The more interesting thing is the PCI domain, the first 4 digits:

  0000:60:00.0 PCI bridge: CIX Technology Group Co., Ltd. CIX P1 CD8180 PCI Express Root Port
  0000:61:00.0 Ethernet controller: Realtek Semiconductor Co., Ltd. RTL8126 5GbE Controller
  0001:30:00.0 PCI bridge: CIX Technology Group Co., Ltd. CIX P1 CD8180 PCI Express Root Port
  0001:31:00.0 Ethernet controller: Realtek Semiconductor Co., Ltd. RTL8126 5GbE Controller
  0002:00:00.0 PCI bridge: CIX Technology Group Co., Ltd.

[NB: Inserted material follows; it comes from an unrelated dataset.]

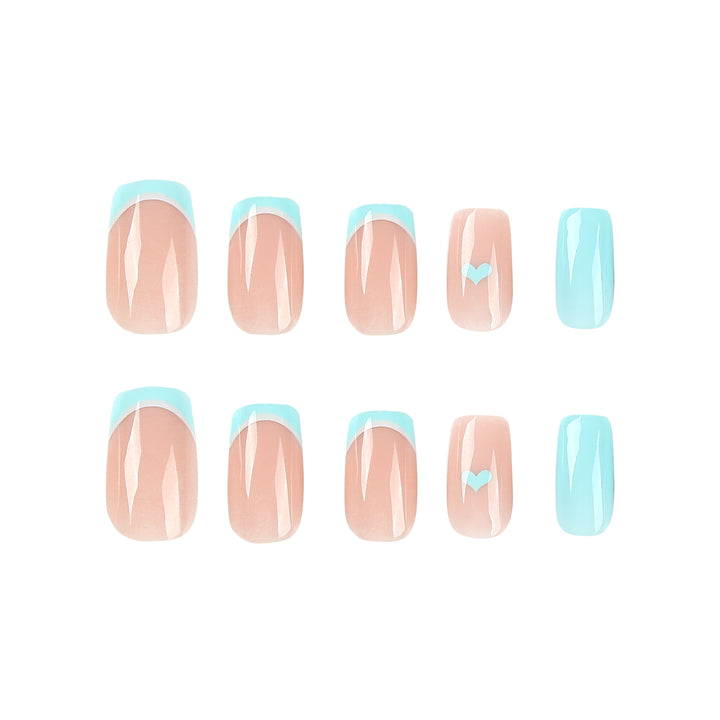 Artful nail art with pastel blue accents Bowlift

CIX P1 CD8180 PCI Express Root Port
  0002:01:00.0 Network controller: Realtek Semiconductor Co., Ltd. RTL8852BE PCIe 802.11ax Wireless Network Controller
This generally (caveat emptor) means the ports aren't handled in some common PCIe subsystem, rather each port is independently connected to the CPU crossbar. The ports may also not be able to access each other, or non-transparent mapping rules apply.

Doesn't have to, though; it might be due to some technicality, driver bug, misunderstanding, whatever else.